Ed Burghard, executive director of the nonprofit Ohio Business Development Coalition, said that the same traits that made Ohio a manufacturing leader in the past would help guide the state out of the grim recent history.
Shipping, Well-Trained Workforce Give Ohio Edge
Ohio is within 600 miles of more than 60 percent of all U.S. and Canadian manufacturing locations, and the state’s border with the Great Lakes gives it immediate access to transatlantic shipping, he said. Major interstate highways crisscross the state, and railway and air cargo infrastructure is built up across the state.
“If something is made in the state, it can be moved to markets in a cost-effective way. That’s one major enabler of the success we’re starting to see” in clean energy industries, Burghard told SolveClimate News.
The state also touts a well-trained industrial workforce and hosts an array of major research institutions such as Battelle, the Central Ohio Hub for Advanced Energy Manufacturing and Energy Storage, plus seven statewide Edison Technology Centers.

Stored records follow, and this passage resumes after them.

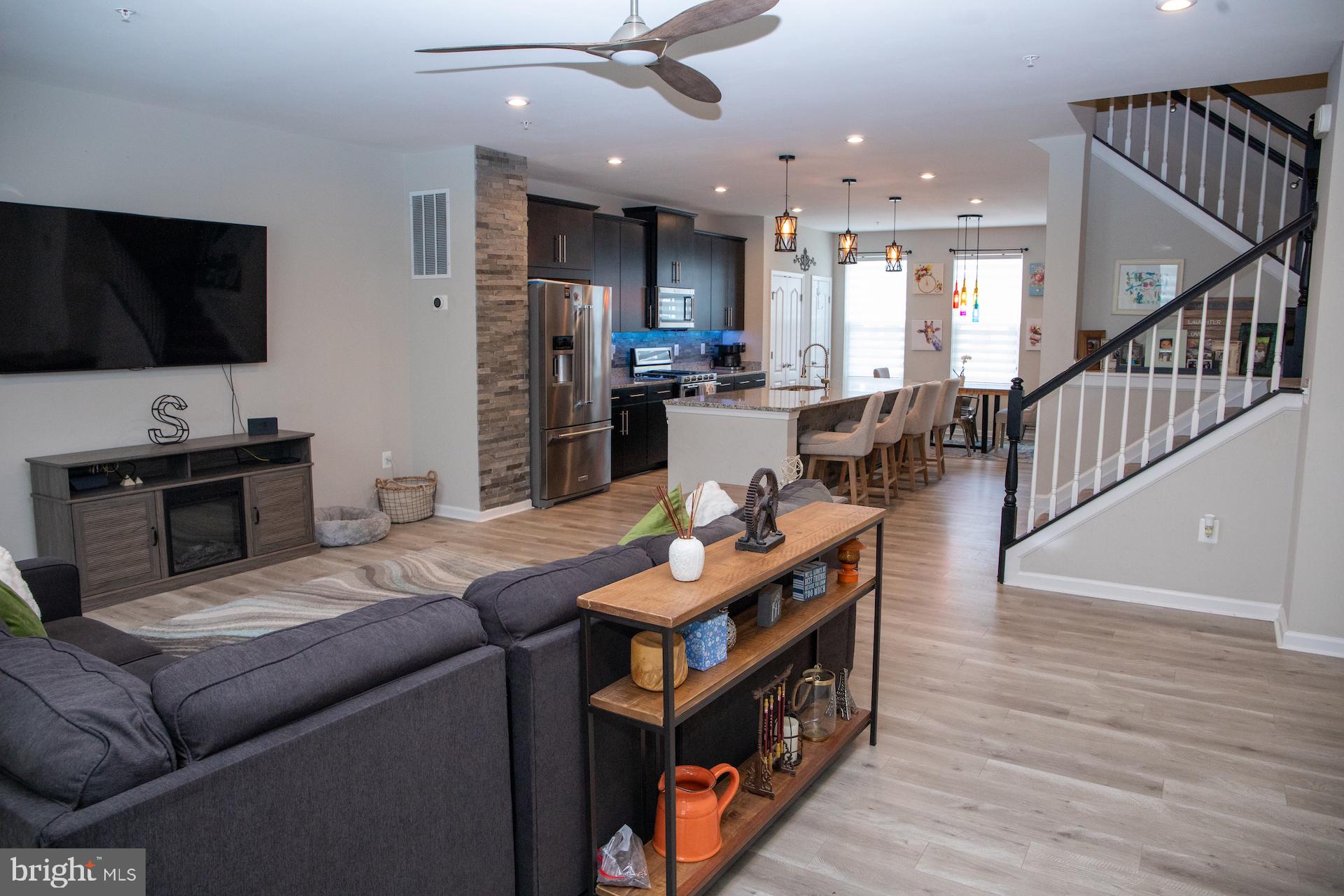 RIVERWALK AT CROFTON - Residential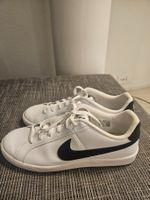 NIKE Court Royale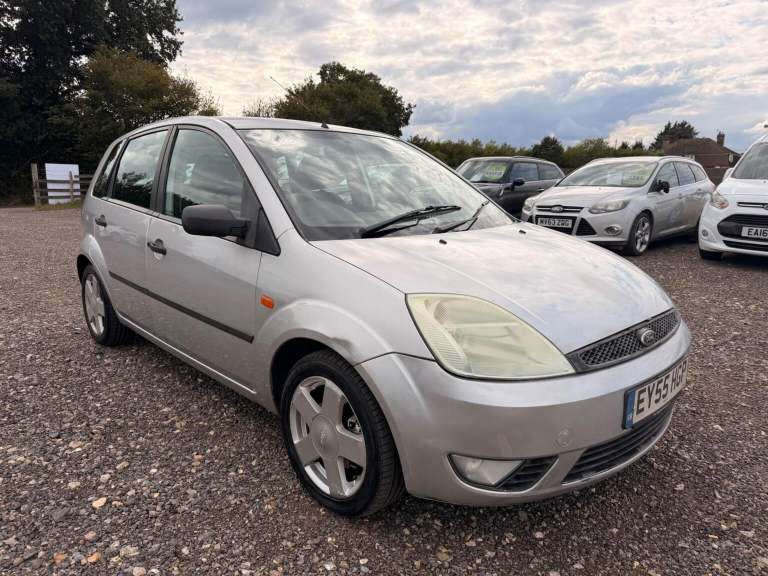 FORD FIESTA 1.25 Zetec Climate 5dr (silver) 2005
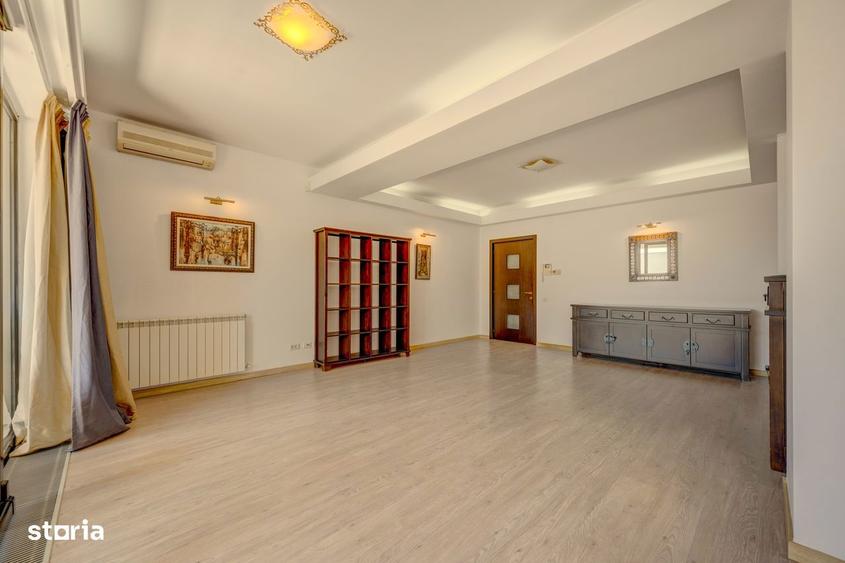 Apartament cu 4 camere în Central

Another big strength for Ohio manufacturers is its position as the seventh-largest exporting state in the country, a particularly key quality as domestic renewable energy markets lag behind those in Europe and Asia.
Burghard said the state had eliminated taxes on capital improvements, inventory and out-of-state or overseas sales to keep Ohio competitive with global manufacturers.
Renewable Portfolio Standard Also Plays a Role
ELPC said that Ohio’s aggressive renewable portfolio standard (RPS) also played a role in boosting green manufacturing. The RPS signals to firms that more wind farms, solar plants and other alternative projects will require more components like the ones their factories produce.
In 2008, Ohio mandated that 12.5 percent of electricity sold in state must come from renewable energy sources like wind and solar by 2025, while an additional 12.5 percent must come from alternative energy sources, such as nuclear power, natural gas and so-called “clean coal.”
Although Ohio has just 10 megawatts of installed wind capacity and slightly more solar capacity, projects underway this year will add 1,300 megawatts and 50 megawatts of installed wind and solar, respectively.
In Cardinal Fastener’s case, more than 95 percent of the firm’s wind turbine generator fasteners are exported to states with strong RPS policies in place, according to the ELPC study.
However, John Grabner said that a federal clean energy standard is the biggest way to boost green manufacturing in Ohio.
Domestic suppliers are “losing our edge” because the demand for renewable energy is so much greater abroad, he said.
Scott Miller added: “A federal standard would set a national market and send a signal to overseas markets to locate in Ohio.”